Op welk probleem is uw boek een antwoord?
In veel organisaties is sprake van eenzijdige oriëntatie, ofwel op rendement ofwel op mensen en processen. Wat er gebeurt als we alleen maar op rendement sturen, hebben we de afgelopen maanden allemaal kunnen zien. Van de weeromstuit zouden we bijna vergeten dat het ook niet werkt om alleen maar bezig te zijn met mensen en processen. Er moet wel resultaat worden geboekt natuurlijk. Dus waar sprake is van eenzijdigheid, moet die worden doorbroken. Voor een gezonde organisatie zijn beide nodig: ziel en zakelijkheid, vandaar de titel van het boek. De uitdaging is natuurlijk om uit te vinden waar dat kan, op welke aspecten van de organisatie, en vooral: hoe dat er dan uit zou kunnen zien, een organisatie waarin beide oriëntaties tot hun recht komen.
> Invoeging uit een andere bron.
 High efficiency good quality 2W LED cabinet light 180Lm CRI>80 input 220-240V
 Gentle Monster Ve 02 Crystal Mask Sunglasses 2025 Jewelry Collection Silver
Bijvoorbeeld als je het hebt over sturing, hoe geef je daar vorm aan dat en/en?
Is het echt zo dramatisch, zijn organisaties echt zo eenzijdig georiënteerd?
Aan de ene kant kun je zeggen dat er sinds de eerste uitgave van mijn boek veel ten goede veranderd. In 2001 was zakelijkheid echt het overheersende paradigma en bestond er, zeker in het bedrijfsleven, weinig aandacht voor bezieling. Toen was het hard nodig om een pleidooi te houden voor meer inspiratie en zingeving op de werkplek. Zo zwart/wit als toen ligt het nu niet meer. In veel directiekamers is het besef aanwezig dat zakelijke prestaties hand in hand moeten gaan met oog voor mensen. Veel managers zijn er van doordrongen dat het niet gaat om ‘of/of’ maar om ‘en/en’. Ondertussen zijn er ook nog een heleboel bedrijven waar wat dat betreft nog een wereld te winnen valt. De schandalen rond Enron en Ahold waren een stevige ‘wake-up call’. En sinds de huidige financiële crisis valt al helemaal niet meer vol te houden dat je er komt met alleen maar aandeelhouderswaarde creëren. Binnen steeds meer bedrijven groeit het besef dat integriteit en een menselijke maat bepalend zijn voor een gezonde bedrijfscultuur.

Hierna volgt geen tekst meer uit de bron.